The good news for small businesses is that there are a number of methods that can be employed to measure CRM success.
  1. Combine old style and new style platforms. One of the mistakes some businesses can make is to think that as CRM is a “new” platform that exists in the world of Web 2.0 then only new methods, such as social media platforms can be used to measure it. This is a fundamental error and one that will lead to inaccurate results. CRM is designed to increase customer satisfaction through a better system of holding and retrieving data in which customers’ details are available to different departments so that the customer can receive more detailed marketing. The result of this can be measured by monitoring customer feedback. Of course, this feedback can be found online in a wide range of platforms (everything from Twitter and Facebook to comments on the business’s website). However, offline feedback is just as valuable. This could be in the form of written communication or verbal conversations. The key is to record these interactions (i.e. make a note of them afterwards) and enter them onto the business’s system. When combined with online platforms, a true result of CRM measurement can be gained. For the small business, this can be particularly effective as it is a relatively low-time consuming procedure that will provide invaluable information.
  2. Social Media isn’t just for the Big Boys (and Girls). While it is important not to forget more traditional methods of communication, there can be no doubt that social media is an ever more important area for business. However, there is sometimes a feeling among small business that social media is for the large businesses and corporations. This could not be further from the truth. By embedding social media into a small business website (for example, including a Twitter feed or link to a simple Facebook page) a small business has an ideal way to monitor customer feedback and measure how their CRM is performing.

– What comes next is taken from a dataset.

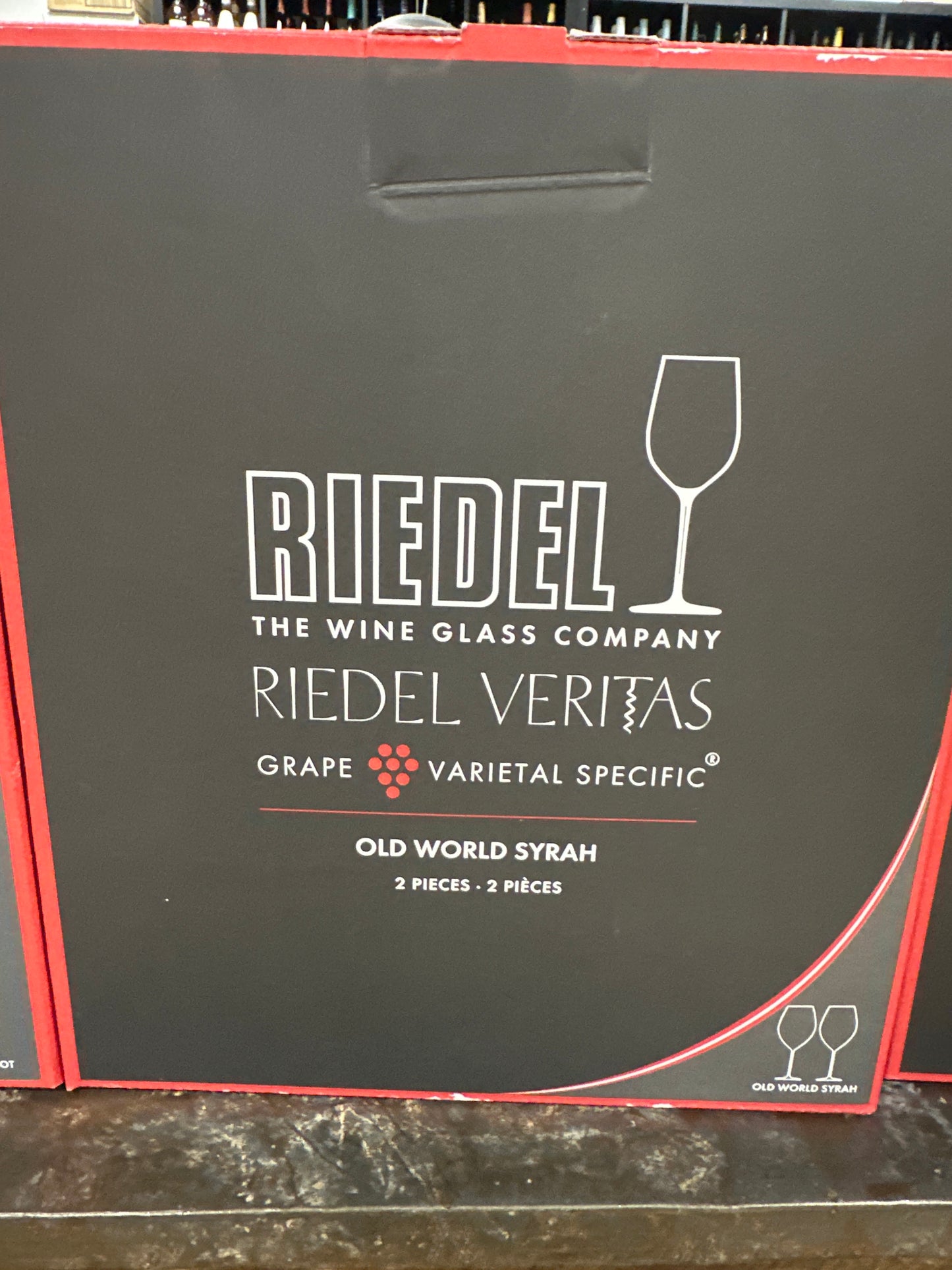 Riedel syrah veritas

  3. Two-Way Dialogue. One of the key facets of CRM is that it has shifted the old-fashioned businesses model of a monologue (the business advertising) to a dialogue in which the customer has an equal part to play. What this means for the small business is that they are presented with a way to measure CRM that is simple and cost effective. Based on customer’s details held on the CRM system, a small business can send emails, flyers or even call customers to discuss new products or updates to products they already have. This is a much more targeted method of marketing that used to be the case and it holds itself up to measuring much better. By tracking the customers contacted and their response, the small business has a simple yet highly effective method to measure its CRM performance.